| DATA SECTION |
|---|
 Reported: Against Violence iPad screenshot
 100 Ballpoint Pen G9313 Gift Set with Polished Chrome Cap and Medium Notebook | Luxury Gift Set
|---|
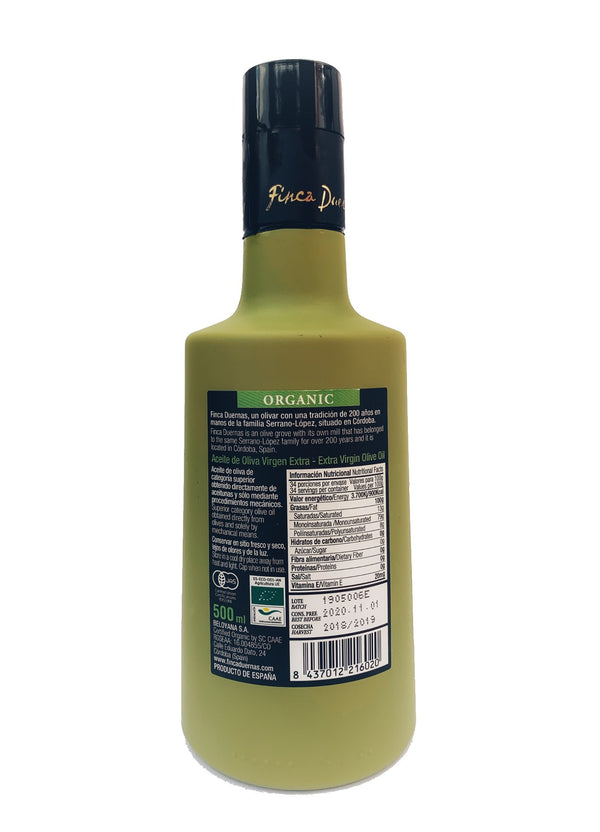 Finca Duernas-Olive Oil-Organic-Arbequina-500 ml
|---|
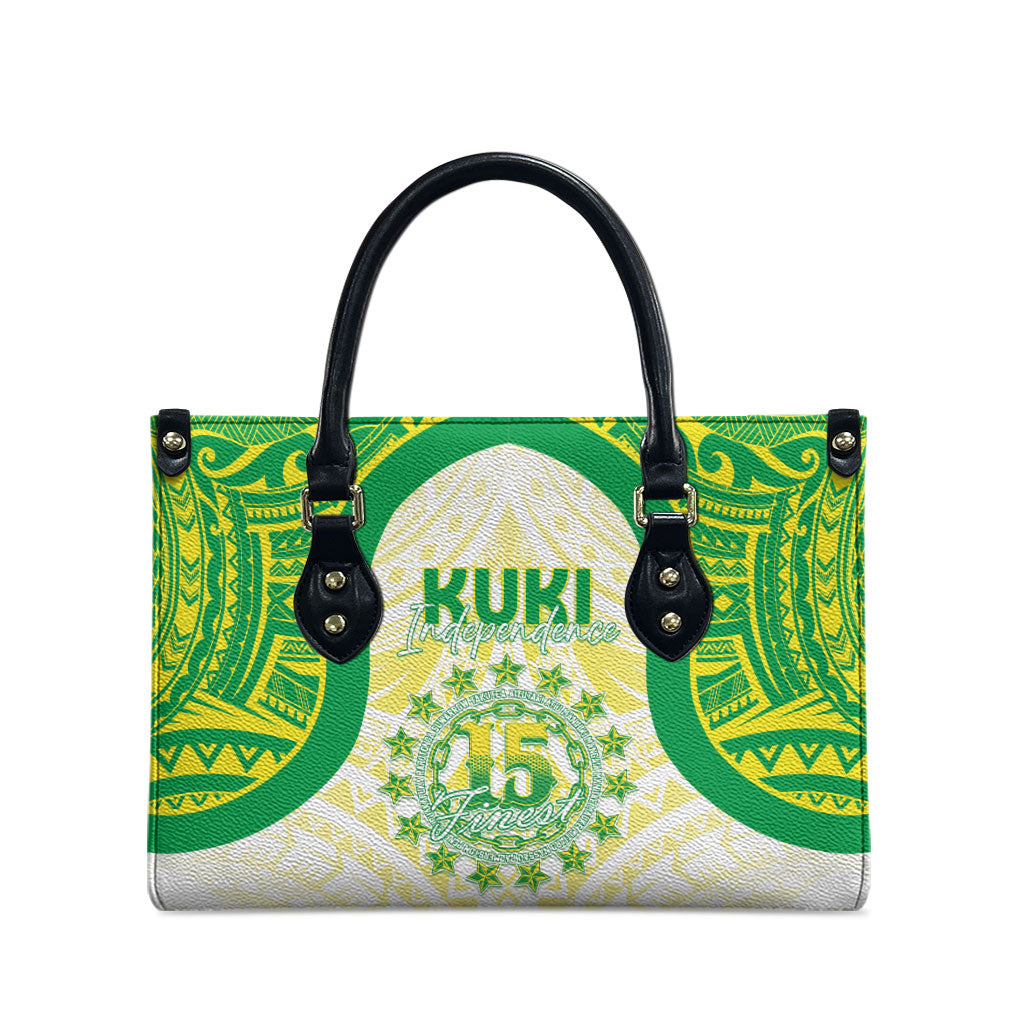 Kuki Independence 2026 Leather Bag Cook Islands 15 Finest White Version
|---|
Reproduce exactly the lines of the records above from the one with "Reported: Against Violence iPad screenshot" to the one with "100 Ballpoint Pen", both included, and leave out everything else.

 Reported: Against Violence iPad screenshot
 100 Ballpoint Pen G9313 Gift Set with Polished Chrome Cap and Medium Notebook | Luxury Gift Set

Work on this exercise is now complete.